論旨は、要するに原判決が本件選挙における投票中漢字、平仮名、片仮名またはこれらを混用して「さかたみちた」と読まれる投票二四五票及びこれと同様の記載と認められる九票(以下併せて坂田道太票と称する)を、候補者坂田道男の得票と認めず、これを同候補者の長男坂田道太に宛てられた無効投票と解したのに対し、右道太が本件選挙に立候補したと考えた選挙人はほとんどありえない実情にあつたのにかかわらずかかる判断をしたのは、証拠を無視し、かつ経験則に反して事実を確定し、ひいて公職選挙法の趣旨に反して投票の効力を判断したものというにある。

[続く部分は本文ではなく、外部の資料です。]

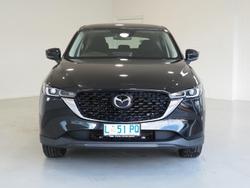 2023 Mazda CX-5 G25 Maxx Sport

本件においては、前記候補者の坂田家は八代地方における名家であり、道男及び道太は上告人ら主張の経歴ないし地位にあつて、いずれも同地方の著名人であることについては、当事者間に争はないのであるが、原判決は、かかる事実及び本件にあらわれた全証拠によつても、上告人らの主張するように、地方民一般に、市長といえば父の坂田(道男)を意味し、代議士といえば子の坂田(道太)を意味するという程度に、人物の区別が十分認識されていた事実、したがつてまた選挙人は、市長選挙に立候補といえば直ちに父の坂田を想起し、子の坂田がこれに立候補したと考えるはずのありえなかつた事実まではなお認めがたい旨を判示しているのである。そしてこの判断は、本件各証拠に徴しても、また氏名の近似する者についてはその人物に誤認混同の生ずる虞れの考えられることからいつても、必ずしも所論のように証拠を無視し経験則に反したものということはできない。論旨は、坂田道男の名が道太と誤記されやすかつた事情を詳論するが、坂田道太票のすべてが坂田道男の名の誤記によるものと推認するに足りない。したがつて、たとえ坂田道太票のうちに道男の名を誤記した投票の存在が推測されるにしても、どれだけがそのような投票であり、どれだけがその表示どおり道太に宛てられた投票であるかを判別できるだけの根拠の認めがたい本件においては、結局、坂田道太票は、道太を選挙する意思をもつて投ぜられた疑のある投票と解するほかなく、坂田道太票のすべてを直ちに坂田道男の得票に算入することが許されないことは、投票効力の判断としてやむをえないところである。してみれば、仮に原判決が坂田道太票のすべてにつき候補者でない道太を表示したものと推認する強い事情のあるものと判断したのは妥当でないとしても、なお本件選挙において道太に投票する意思の選挙人のありえなかつた事情が肯認しがたいかぎり、坂田道太票を無効と断じた原判決の結論は動かしがたく、論旨は採用しがたいものといわなければならない。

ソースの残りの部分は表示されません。